Opowieści, które słyszała od mamy, miały pięknych bohaterów i dobre zakończenia. Nie było w nich groźnego króla podziemi ani ciemności, której Walentyna, jak każde dziecko, bardzo się bała.
– Jesteś niewinna i maleńka, ale kiedyś poznasz życie. Być może zejdziesz nawet do królestwa ciemności. – Wasyl przymrużył oczy, lecz po chwili otworzył je bardzo szeroko, przez co Walentynie wydały się zbyt duże i zbyt okrągłe. Pośrodku nich, jak dwie czarne kuleczki, połyskiwały źrenice.
Walentyna przysunęła się do ściany i jeszcze mocniej przytuliła skrzypce.
– Masz wielki talent. Grając na tych skrzypcach, zaczarujesz niejedno serce. – Uśmiechnął się, choć na jego twarzy malował się niepokój. – Ale pamiętaj: nigdy nie wolno ci wykorzystać ich do haniebnego czynu. Muzyka nie może nikogo zniewolić, ona ma rozświetlać duszę. Jeśli kiedykolwiek skrzywdzisz kogoś za pomocą tych skrzypiec, nie będzie ci wolno już więcej na nich zagrać.
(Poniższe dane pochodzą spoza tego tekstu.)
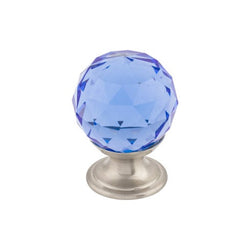 Blue Crystal Knob 1 1/8 Inch w/ Brushed Satin Nickel Base - BS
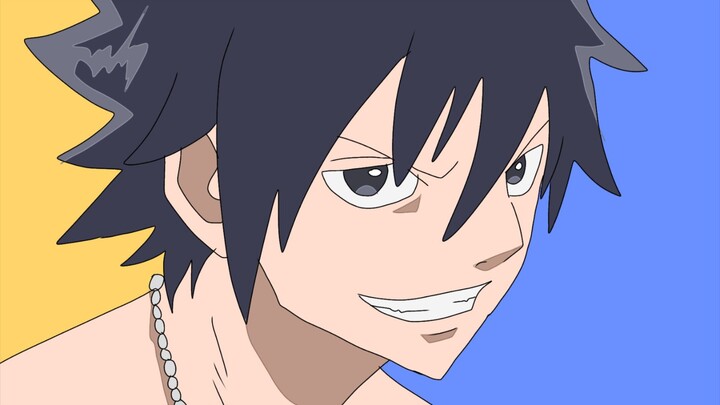 Gambarin Gray yg sedang tersenyum semangat di poster anime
Te słowa przeraziły dziewczynkę. Nikt nigdy nie zwracał się do niej takim tonem, nikt nie mówił o takich strasznych sprawach. Kogo miałaby skrzywdzić? Nie potrafiła nawet dać kuksańca swojemu starszemu bratu Maksymowi. A muzykę, poza mamą, papą i Maksem, kochała najbardziej na świecie. Pani Teofila, jej nauczycielka, mówiła, że paluszki Walentyny zostały stworzone właśnie po to, by grać.
– Rozumiesz? – Czarne oczy Wasyla rejestrowały każdy ruch dziewczynki.
Przytaknęła. Wtedy podszedł do niej i zabrał jej skrzypce. Wolnym krokiem ruszył do szafy. Wyciągnął z niej futerał obleczony miękką wiśniową skórą i wpakował do niego instrument, po czym wrócił do dziecka.
– Proszę, Walentyno. – Podał jej futerał.
– Dziękuję. – Dygnęła tak, jak uczyła ją mama, choć nie była pewna, czy robi to dobrze.
Wasyl odprowadził wzrokiem ojca i córkę, a potem stał przy oknie i spoglądał na dwie sylwetki przesuwające się po wilgotnej ulicy.
– Powodzenia. Pamiętaj, że życie nie zawsze jest piękną bajką! – Zasłoniwszy okno skrawkiem sukna, zatrzymał sękate palce na nierównym brzegu tkaniny. Później zgasił lampę i opuścił pracownię.